Contemplating nature’s biosynthetic abilities

Researchers in France, Switzerland and Cameroon are convinced that the African pin-cushion tree produces the well-known painkiller Tramadol and are determined to prove it. Back in 2013, a team led by neuroscientist Michel de Waard, of the Joseph Fourier University, claimed that significant quantities of the drug were present in the root bark extract of Nauclea latifolia, which has long been used by locals in West and Central Africa to treat pain and disease.
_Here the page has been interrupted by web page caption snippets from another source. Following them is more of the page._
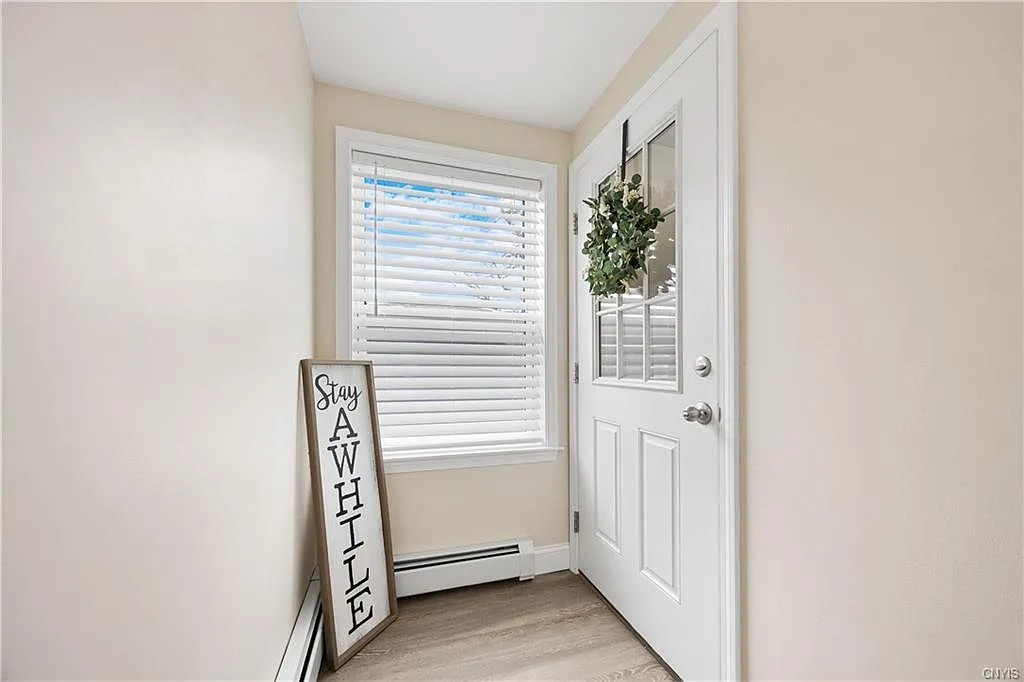 2 bed, 900 sqft, $1,500 — Photo 3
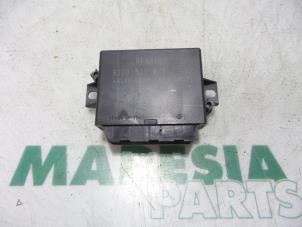 Gebruikte Module PDC Renault Scénic II (JM) 1.6 16V Prijs € 40,00 Margeregeling aangeboden door Maresia Parts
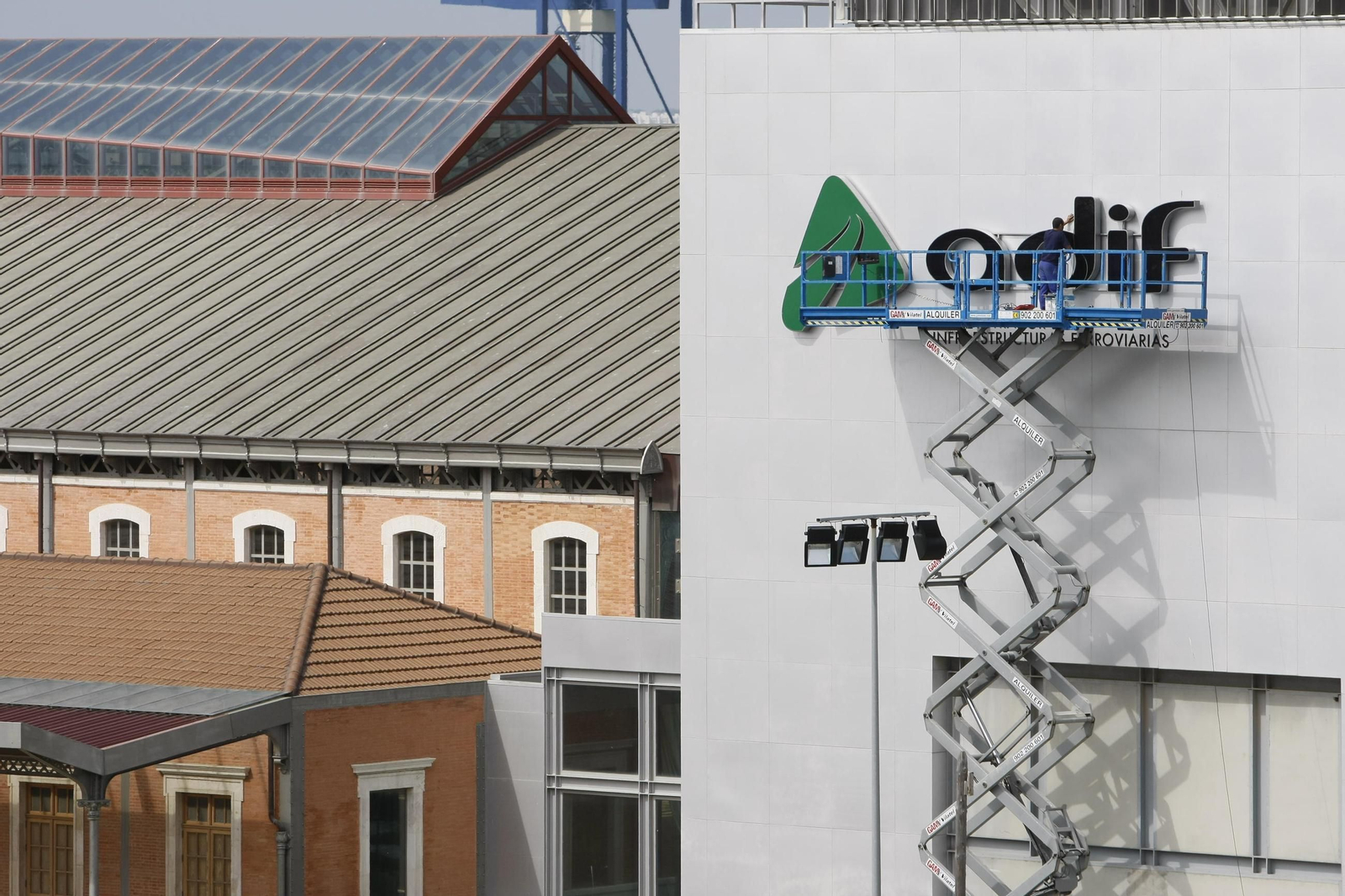 Instalación del cartel de Adif cuando se instaló en la estación en 2008.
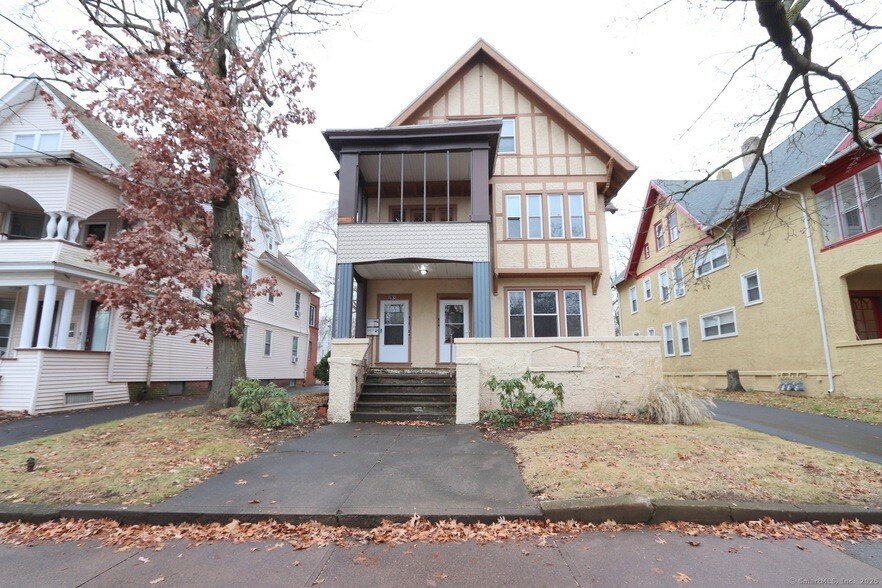 812 Orange St in New Haven, CT - Foto de edificio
Last year another team, led by Michael Spiteller who is based at the Technical University of Dortmund, Germany, ran some tests of their own and cast doubt on these findings. They proposed that the high levels observed in the samples from North Cameroon were likely the result of anthropogenic contamination by livestock that had overconsumed tramadol, as it is commonly added to their food. Seemingly undeterred, de Waard’s colleague Ahcène Boumendjel and his co-workers have now suggested a plausible biosynthetic pathway for the production of tramadol from two common amino acids, L-phenylalanine and L-Lysine.1

A key step in this proposed pathway is the aldol condensation of the derivatives 3'-methoxyacetophenone and N,N-dimethyl-5-aminopentanal. From the resulting adduct it is easy to imagine that a simple dehydration and some redox chemistry could provide a keto-enamine, ideally set up to cyclise to form tramadol. To add weight to this theory, the team synthesised a dicarbonyl precursor of the keto-enamine and were able to achieve a one-pot conversion of the dicarbonyl to tramadol under reductive amination conditions, albeit in just 10% yield. Byproducts of this reaction point to the keto-enamine and its iminium ion tautomer being involved as intermediates.

The key step in the proposed biosynthesis of tramadol was achieved using mild biomimetic conditions

‘The report not only showcases a biomimetic synthesis of a natural product; more importantly, the synthesis in turn provides strong support for the proposed biosynthetic pathways of tramadol,’ comments Zhiqiang Ma, a research fellow in the department of biochemistry at the University of Texas Souhtwestern Medical Centre, US.

The same team has also recently described a 13C position specific isotope analysis study, which is complementary to this work.2 To extend this research further, Boumendjel says they now plan to ‘continue the investigation of the biosynthesis pathway by using labelled amino acids and in vitro cultures of Nauclea roots [to] provide irrefutable evidence to confirm the natural origin of tramadol.’